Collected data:
=-=-=

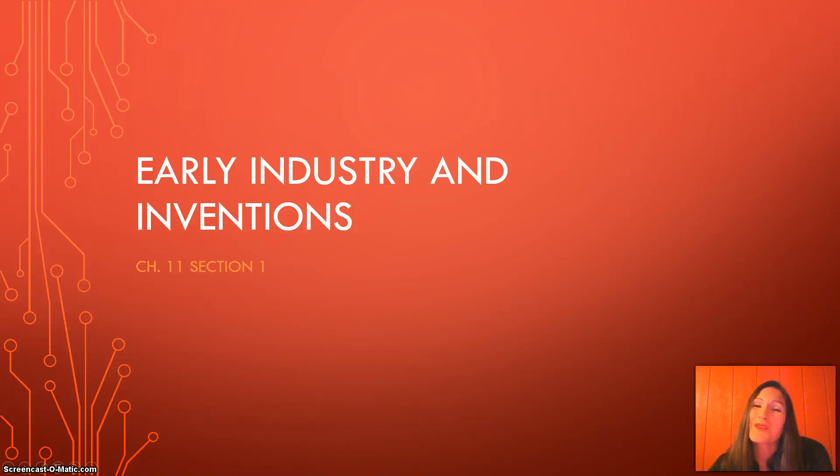Hello, I hope you are having a great day. Thank you so much for tuning in. Today we are going to explore early industry and inventions, and it's taken from chapter 11, section 1.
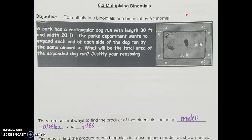Section 8.3 is a pretty key section. We're going to be looking at multiplying binomials, and these rules are going to be used a lot going forward, so this is a good one to know by memory. There are several ways to find the product of two binomials, including models, algebra, and tiles, and those are all sort of related.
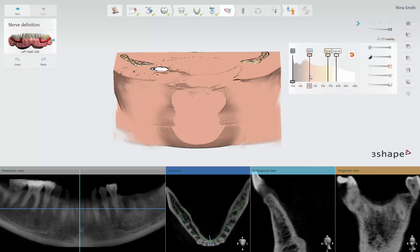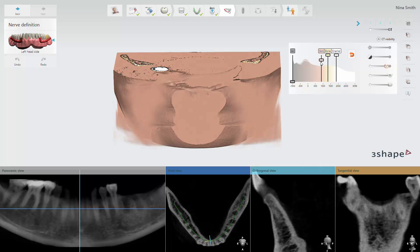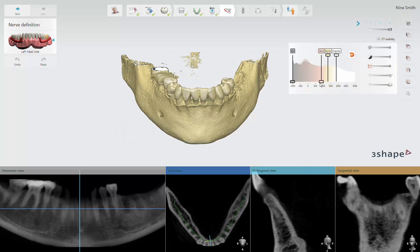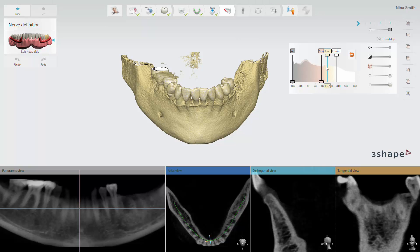To improve the CT scan visibility, start by moving the air and skin sliders down to turn off the visibility of these low density materials. Then move the skin slider to the right to make sure only the bone is displayed. Now you can move the bone slider left and right to find the best bone visibility.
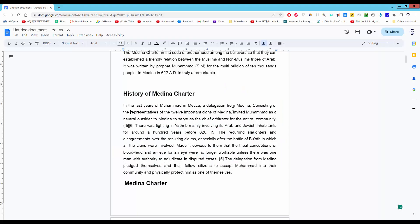Assalamualaikum. In this video, I will show you how to make only one page landscape in Google Docs.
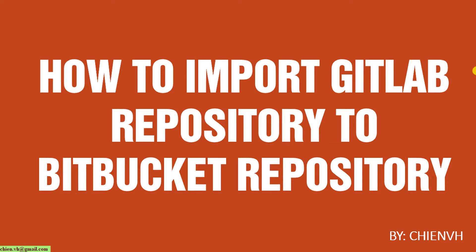In this video, today I'm going to show you how to import a GitLab repository to a Bitbucket repository.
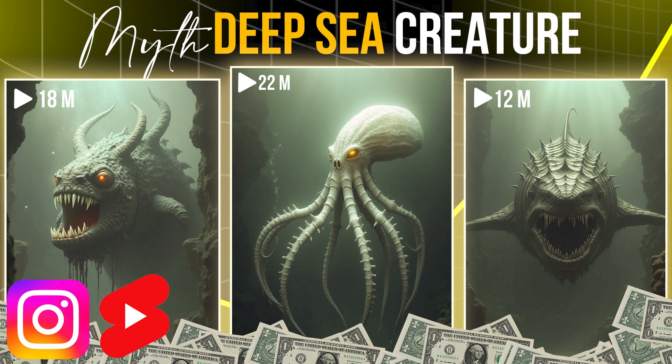So that's it. This is how we can generate deep sea mythical creature videos using AI. So thanks for watching. If you like this video, give it a thumbs up. Subscribe to this channel for more future tutorials. Also press the bell icon so that you can get instant notifications when I upload a video. Thanks for watching and bye.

=-=-=

**Your goal**
Exact copy, no pictures: write out all the records above.

**Response**
Hello, I hope you are having a great day. Thank you so much for tuning in. Today we are going to explore early industry and inventions, and it's taken from chapter 11, section 1.
Section 8.3 is a pretty key section. We're going to be looking at multiplying binomials, and these rules are going to be used a lot going forward, so this is a good one to know by memory. There are several ways to find the product of two binomials, including models, algebra, and tiles, and those are all sort of related.
To improve the CT scan visibility, start by moving the air and skin sliders down to turn off the visibility of these low density materials. Then move the skin slider to the right to make sure only the bone is displayed. Now you can move the bone slider left and right to find the best bone visibility.
Assalamualaikum. In this video, I will show you how to make only one page landscape in Google Docs.
In this video, today I'm going to show you how to import a GitLab repository to a Bitbucket repository.
So that's it. This is how we can generate deep sea mythical creature videos using AI. So thanks for watching. If you like this video, give it a thumbs up. Subscribe to this channel for more future tutorials. Also press the bell icon so that you can get instant notifications when I upload a video. Thanks for watching and bye.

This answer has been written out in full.